Дмитрий улыбнулся и опять пожал плечами. И опять это вышло у него до того похоже на памятную манеру отца пожимать плечами — как-то мягко, вроде бы ненароком, от идущего из глубины души удивления перед миром, — что Венька даже приостановился. Но в ту же минуту, как на грех, откуда-то вывернулся Николай Саныч, увидел его, разулыбался еще издали и направился прямиком к нему.
— А я тебя везде ищу, ищу, Веня…
«Опять песню про мотор заведет, — поморщился Венька. — Ну совсем без понятия человек! Ему это раз плюнуть — сбить настроение. Тут в кои веки случай подвернулся…»
— Обкатаю я тебе мотор, Николай Саныч, обкатаю! — и Венька, подхватив Дмитрия под руку, хотел увести его на галерею, но Николай Саныч резко догнал их.
— Погоди же, Вениамин!
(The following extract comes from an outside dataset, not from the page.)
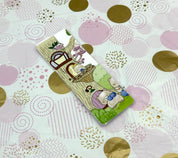 Blue Bear-ies Traditional Bookmark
Куда бежишь-то? — Он близко качнулся к ним и, дыша Веньке в самое ухо, спросил шепотом: — Это что за корреспондент с тобой?
Венька покосился на Дмитрия. Тот, отойдя в сторонку, зачарованно глядел на фиолетовые сполохи сварки под ажурным потолком цеха.
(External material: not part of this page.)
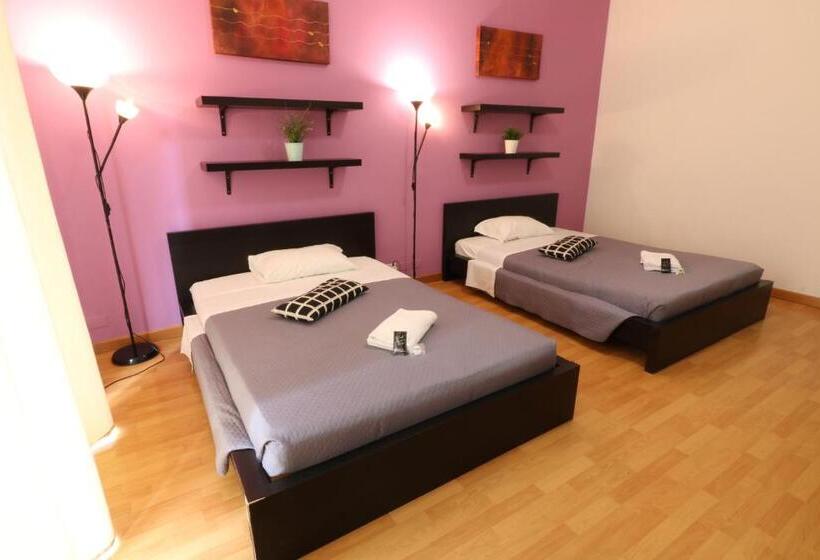 اتاق استاندارد با سرویس بهداشتی مشترک, Guest House Pirelli Milano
— При чем здесь корреспондент?.. Это брат мой, Николай Саныч. Из Москвы прилетел.
— Брат?
— Ага.
— Родной, поди? — не поверил Николай Саныч. — Скажи, пожалуйста, какой нарядный… И блокнотик из кармана торчит…
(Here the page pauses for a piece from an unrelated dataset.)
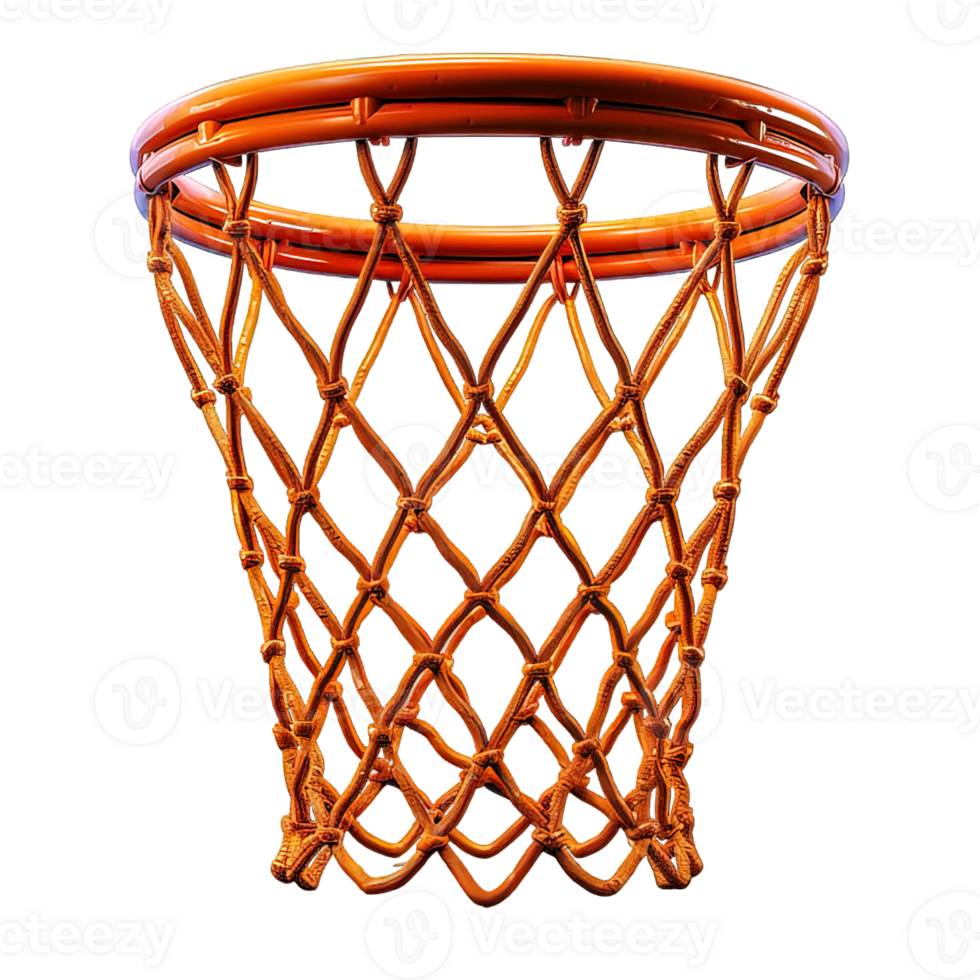 AI generated basketball hoop isolated on transparent background ,generative ai png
— Так он ведь, знаешь ли, — не моргнул Венька и глазом, уже мстительно желая как следует разыграть председателя, — не какая там тюха-матюха, а крупный специалист… ответственный работник министерства.
Николай Саныч насупился.
— Ладно, Комраков, хватит финтить… Брат, брат!.. Скажи мне прямо: к жалобе это не имеет отношения?